## What the task requires
A faithful, word-for-word copy of the data below is required, without pictures.

---------- Raw data

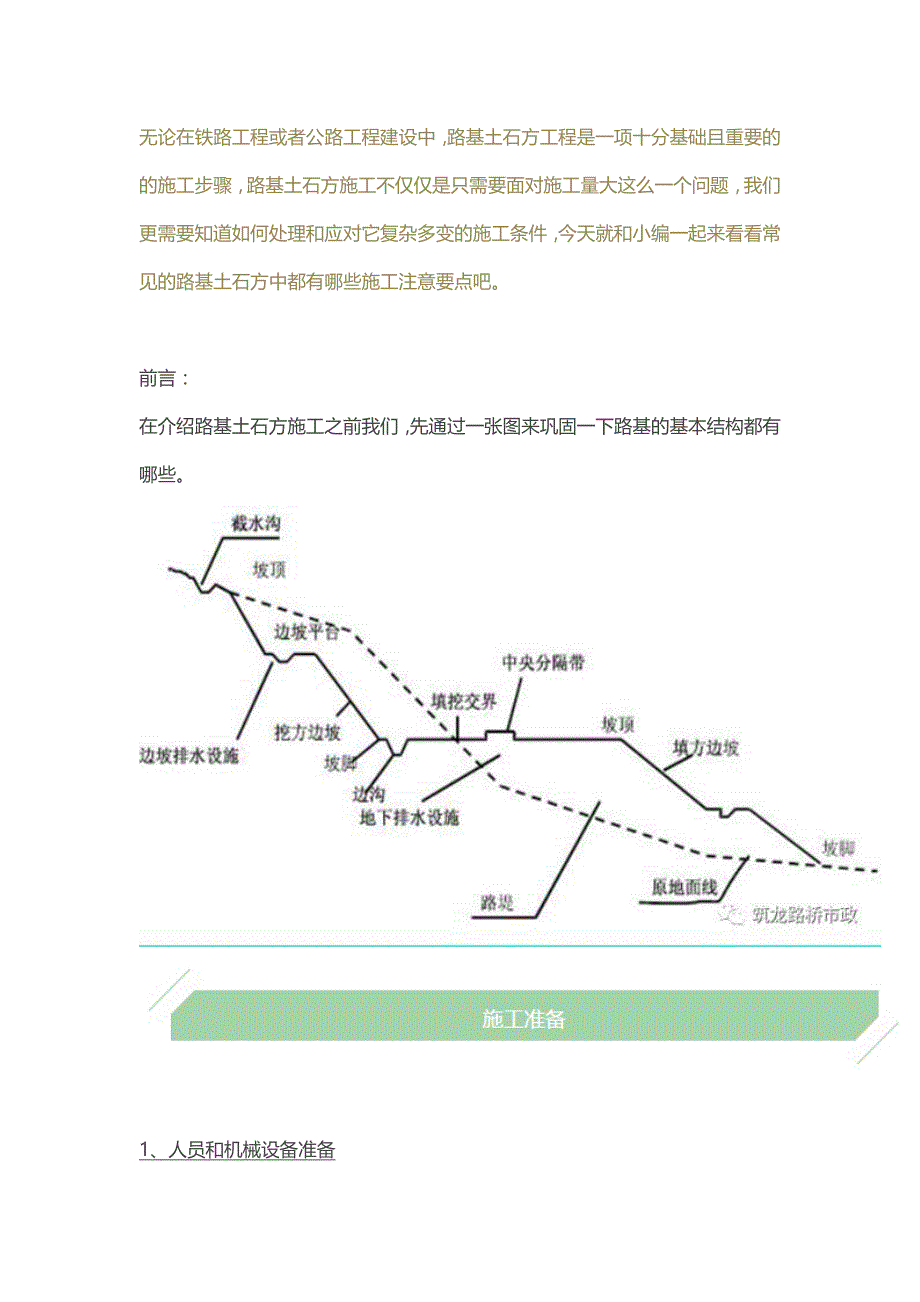 路基土石方施工全过程图文_第1页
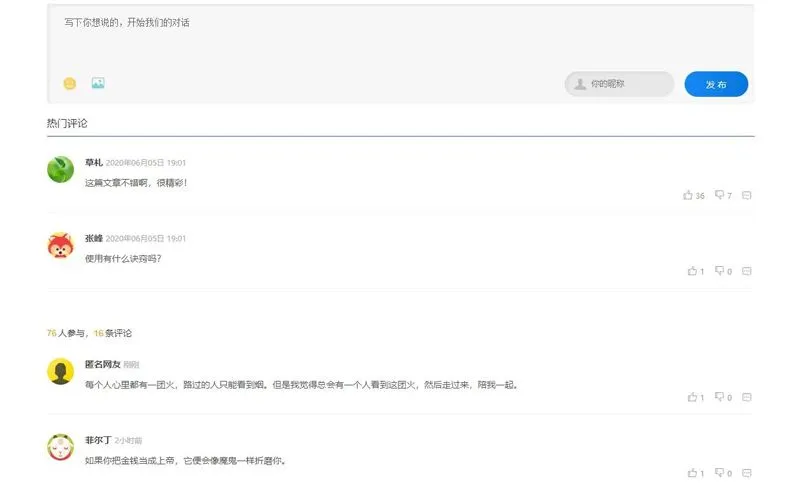 原生开源PHP评论系统源码-啾啾源码网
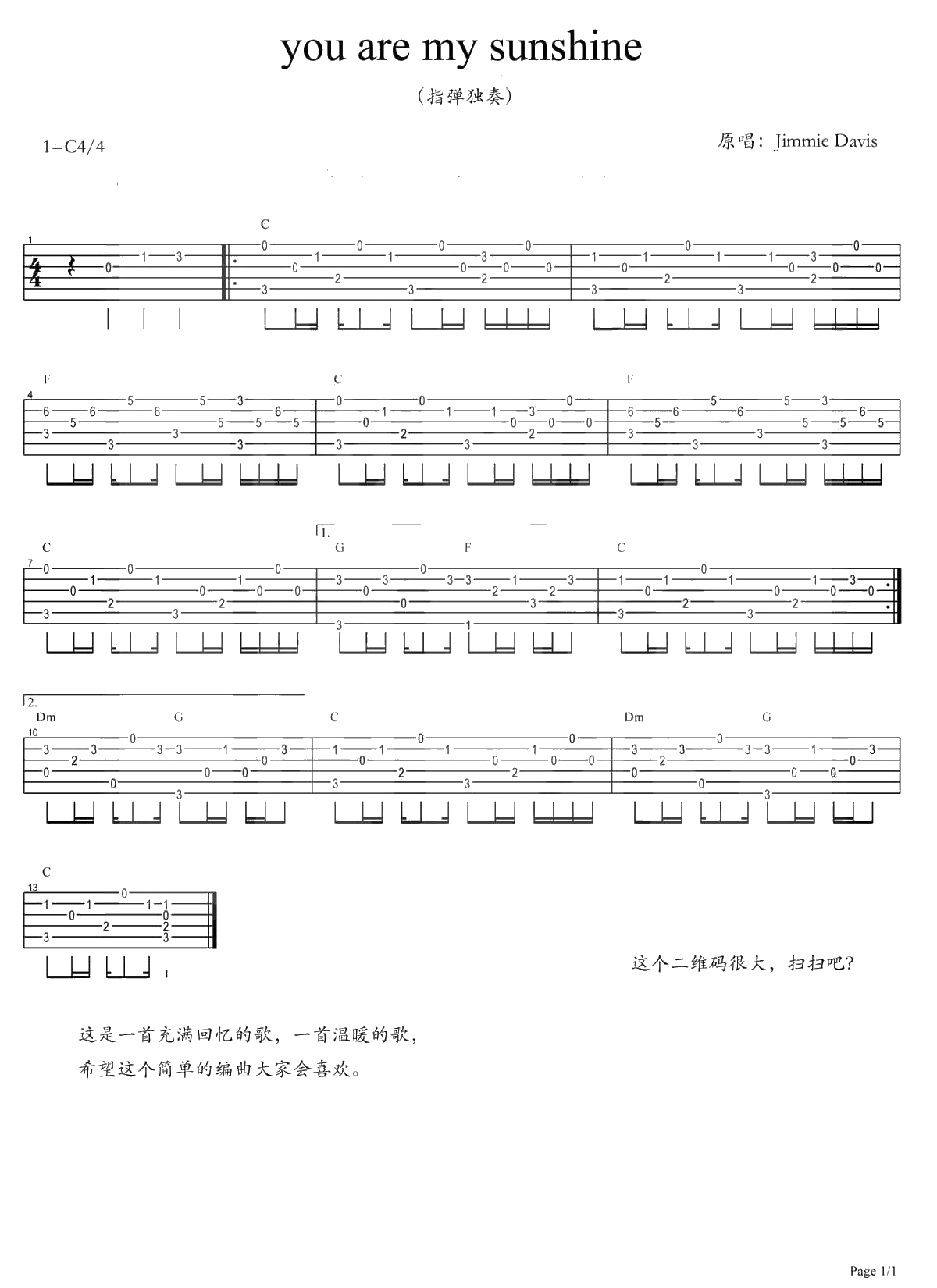 You are my sunshine指弹谱 你是我的阳光 吉他独奏谱2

--------------------

## Written reply
 路基土石方施工全过程图文_第1页
 原生开源PHP评论系统源码-啾啾源码网
 You are my sunshine指弹谱 你是我的阳光 吉他独奏谱2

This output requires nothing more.